New Grant for the Wisconsin Longitudinal Study

The NIH funded new research that will track the progression of dementia in the Wisconsin Longitudinal Study. The project, led by Sanjay Asthana, (CDHA affiliate; medicine) and Pamela Herd (external CDHA affiliate; Georgetown) will clarify the influence of the early life period on dementia risk, as well as adult behaviors that can offset the risk of both Alzheimer’s  Disease and non-Alzheimer’s Disease dementia.



National Institute on Aging

Grant Number

R01 AG060737-01

Principal Investigators

Sanjay Asthana | University of Wisconsin–Madison | Department of Medicine
Pamela Herd | Georgetown University | McCourt School of Public Policy


There is a robust consensus, most recently articulated by the 2017 Lancet Commission, that the roots of dementia—and thus the possibility for prevention of dementia—can be traced back to early life. Yet, the influence of the early life period on dementia risk, as well as adult behaviors that can offset that risk, remains poorly understood.
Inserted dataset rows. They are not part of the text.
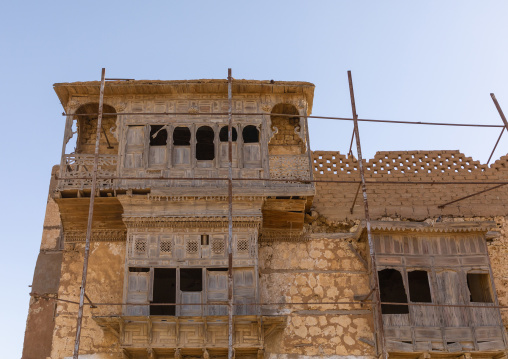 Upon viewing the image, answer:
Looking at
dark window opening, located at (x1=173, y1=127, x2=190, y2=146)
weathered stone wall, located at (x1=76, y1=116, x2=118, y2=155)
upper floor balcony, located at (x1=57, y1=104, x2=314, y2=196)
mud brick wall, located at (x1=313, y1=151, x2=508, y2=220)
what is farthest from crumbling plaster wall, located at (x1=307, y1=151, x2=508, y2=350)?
weathered stone wall, located at (x1=76, y1=116, x2=118, y2=155)

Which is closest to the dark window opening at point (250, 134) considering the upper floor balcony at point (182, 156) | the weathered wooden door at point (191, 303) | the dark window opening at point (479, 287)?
the upper floor balcony at point (182, 156)

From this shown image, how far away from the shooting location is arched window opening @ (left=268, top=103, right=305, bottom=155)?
18.1 metres

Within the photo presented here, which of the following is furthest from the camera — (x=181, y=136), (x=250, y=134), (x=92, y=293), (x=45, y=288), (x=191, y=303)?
(x=181, y=136)

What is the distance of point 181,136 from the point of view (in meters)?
18.5

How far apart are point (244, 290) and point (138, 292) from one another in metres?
2.36

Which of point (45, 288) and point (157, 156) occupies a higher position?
point (157, 156)

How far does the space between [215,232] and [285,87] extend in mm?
4159

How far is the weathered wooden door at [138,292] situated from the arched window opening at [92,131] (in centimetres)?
381

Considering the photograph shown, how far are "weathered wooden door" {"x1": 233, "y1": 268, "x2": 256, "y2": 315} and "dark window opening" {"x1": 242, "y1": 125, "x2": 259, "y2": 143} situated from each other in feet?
12.1

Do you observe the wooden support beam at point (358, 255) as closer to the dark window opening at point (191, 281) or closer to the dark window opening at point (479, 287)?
the dark window opening at point (479, 287)

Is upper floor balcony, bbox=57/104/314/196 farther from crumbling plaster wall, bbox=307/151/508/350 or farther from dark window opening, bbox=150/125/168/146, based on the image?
crumbling plaster wall, bbox=307/151/508/350

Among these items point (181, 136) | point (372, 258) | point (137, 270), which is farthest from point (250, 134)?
point (372, 258)

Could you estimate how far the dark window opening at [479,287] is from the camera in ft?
53.2

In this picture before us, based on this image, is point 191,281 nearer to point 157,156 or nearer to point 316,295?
point 157,156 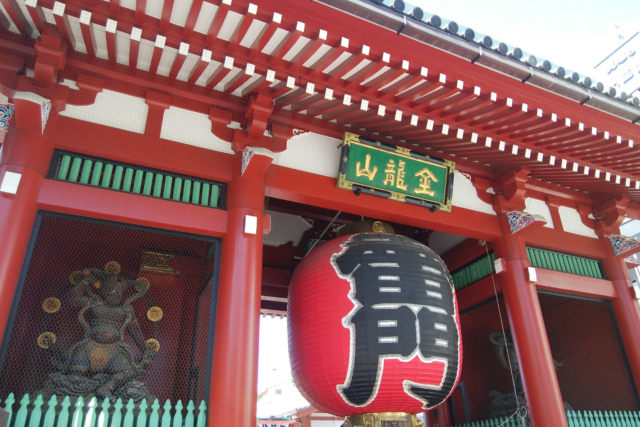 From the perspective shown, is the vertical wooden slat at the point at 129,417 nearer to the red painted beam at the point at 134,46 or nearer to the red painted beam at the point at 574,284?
the red painted beam at the point at 134,46

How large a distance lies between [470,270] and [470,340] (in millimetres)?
1193

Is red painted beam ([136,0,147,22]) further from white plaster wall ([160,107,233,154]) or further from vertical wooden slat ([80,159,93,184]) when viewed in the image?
vertical wooden slat ([80,159,93,184])

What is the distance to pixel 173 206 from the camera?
424cm

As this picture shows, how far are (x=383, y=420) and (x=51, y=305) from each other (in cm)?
369

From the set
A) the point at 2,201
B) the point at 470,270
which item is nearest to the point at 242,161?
the point at 2,201

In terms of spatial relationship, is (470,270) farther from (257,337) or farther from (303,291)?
(257,337)

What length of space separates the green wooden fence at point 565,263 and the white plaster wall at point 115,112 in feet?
16.4

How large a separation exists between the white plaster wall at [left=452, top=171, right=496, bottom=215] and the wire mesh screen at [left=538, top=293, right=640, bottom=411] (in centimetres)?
208

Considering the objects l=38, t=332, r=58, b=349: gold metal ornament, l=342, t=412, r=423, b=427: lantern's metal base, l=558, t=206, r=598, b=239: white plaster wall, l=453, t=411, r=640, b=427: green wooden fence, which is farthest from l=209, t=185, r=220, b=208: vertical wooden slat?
l=558, t=206, r=598, b=239: white plaster wall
There is a lack of longitudinal studies with richly characterized full life course measures of genetic, cognitive, geographic, socioeconomic, educational and behavioral factors.

Rooted in life course epidemiology, this project aims to help clarify biological and behavioral processes that operate across the life course to influence dementia risk. Key to this framework is the critical influence of early life. Findings from this study could have important public policy and public health implications by providing evidence as to how, especially, early life socioeconomic conditions and adult modifiable behaviors can alter the risk for AD/ADRD.

Consequently, the study aims are as follows:

  • Aim 1: Track the progression of dementia across cognitive phenotypes (normal, AD dementia, non-AD dementia), including the use of rigorous AD diagnostic protocols, in the Wisconsin Longitudinal Study (WLS), a 60 year longitudinal study. Participants will be in their late 70s at baseline.
  • Aim 2: Test the role of early life disadvantage/advantage on the risk for AD/ADRD in later life. In particular, we will test how persistent socioeconomic disadvantage in childhood, lower levels of cognitive functioning, and living in rural communities influence the risk for AD/ADRD in later life. The measures available in the WLS to capture these early life factors are unparalleled in existing dementia studies.
  • Aim 3: Test whether early life disadvantage may be offset by adult behavioral protective factors. Can subsequent educational attainment, even when gained in ones 30s and 40s, and engagement in healthy behaviors (e.g. not smoking, maintaining a normal weight, and engaging in exercise), offset early life disadvantages such as lower levels of cognitive functioning and growing up socioeconomically disadvantaged? Sibling models, a unique feature of these data, will provide a mechanism to partially address potential genetic and familial environment confounders. We will also test how these adult behaviors mediate the relationship between sex and AD/ADRD.
  • Aim 4: Test whether adolescent IQ and educational attainment moderate genetic risk for AD/ADRD.
  • Aim 5: We will create a public good: a data resource that can facilitate cutting edge dementia research. All researchers-via our website- will have access to all the data WLS has to offer—this includes all phenotypic and genetic data.

The findings from these aims will provide supporting evidence for policy and individual-level interventions that could modify the risk for AD/ADRD.